◆ TO DO ◆
For every line in the entries that contains "Foto", show the whole line.

◆ EXERCISE DATA ◆
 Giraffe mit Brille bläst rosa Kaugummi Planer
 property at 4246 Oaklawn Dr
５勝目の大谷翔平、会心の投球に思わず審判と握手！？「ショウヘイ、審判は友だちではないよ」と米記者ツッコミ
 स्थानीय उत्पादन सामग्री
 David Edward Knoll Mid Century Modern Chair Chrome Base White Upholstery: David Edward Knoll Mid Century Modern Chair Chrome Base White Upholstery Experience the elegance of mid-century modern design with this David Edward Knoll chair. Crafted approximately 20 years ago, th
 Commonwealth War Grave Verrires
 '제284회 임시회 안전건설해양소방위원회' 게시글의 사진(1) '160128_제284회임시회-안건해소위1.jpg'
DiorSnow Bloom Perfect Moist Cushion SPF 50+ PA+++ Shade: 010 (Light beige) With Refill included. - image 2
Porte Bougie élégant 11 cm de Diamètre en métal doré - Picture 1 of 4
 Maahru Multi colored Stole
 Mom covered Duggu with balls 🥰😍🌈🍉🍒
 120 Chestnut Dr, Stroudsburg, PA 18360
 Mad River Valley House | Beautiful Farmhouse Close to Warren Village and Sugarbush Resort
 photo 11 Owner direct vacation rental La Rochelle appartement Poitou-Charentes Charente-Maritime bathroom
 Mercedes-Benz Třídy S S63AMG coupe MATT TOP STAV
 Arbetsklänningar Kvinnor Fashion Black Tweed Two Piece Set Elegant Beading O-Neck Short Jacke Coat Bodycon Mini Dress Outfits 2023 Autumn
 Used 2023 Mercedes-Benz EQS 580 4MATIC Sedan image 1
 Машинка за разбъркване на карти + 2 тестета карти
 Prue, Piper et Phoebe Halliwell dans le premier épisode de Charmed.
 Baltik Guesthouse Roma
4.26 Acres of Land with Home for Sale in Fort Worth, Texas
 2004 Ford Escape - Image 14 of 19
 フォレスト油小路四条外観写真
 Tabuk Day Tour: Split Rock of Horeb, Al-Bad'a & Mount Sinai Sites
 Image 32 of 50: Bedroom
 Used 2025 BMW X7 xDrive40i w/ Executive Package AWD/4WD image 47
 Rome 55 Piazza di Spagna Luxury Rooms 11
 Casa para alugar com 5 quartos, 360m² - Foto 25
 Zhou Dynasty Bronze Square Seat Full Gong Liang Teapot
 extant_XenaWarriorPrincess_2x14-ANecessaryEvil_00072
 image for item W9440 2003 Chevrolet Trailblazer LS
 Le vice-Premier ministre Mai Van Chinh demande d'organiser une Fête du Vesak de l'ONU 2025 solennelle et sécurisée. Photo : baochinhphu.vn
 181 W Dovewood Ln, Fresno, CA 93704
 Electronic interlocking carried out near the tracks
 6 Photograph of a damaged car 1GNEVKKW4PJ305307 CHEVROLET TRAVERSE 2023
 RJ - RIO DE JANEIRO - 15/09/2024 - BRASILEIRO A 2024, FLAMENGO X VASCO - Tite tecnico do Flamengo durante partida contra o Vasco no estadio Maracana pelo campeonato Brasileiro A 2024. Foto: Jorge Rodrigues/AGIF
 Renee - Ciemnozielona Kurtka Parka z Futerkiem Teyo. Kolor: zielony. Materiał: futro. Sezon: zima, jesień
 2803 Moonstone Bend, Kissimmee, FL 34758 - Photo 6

◆ SOLUTION TO THIS PROBLEM ◆
 Casa para alugar com 5 quartos, 360m² - Foto 25
 RJ - RIO DE JANEIRO - 15/09/2024 - BRASILEIRO A 2024, FLAMENGO X VASCO - Tite tecnico do Flamengo durante partida contra o Vasco no estadio Maracana pelo campeonato Brasileiro A 2024. Foto: Jorge Rodrigues/AGIF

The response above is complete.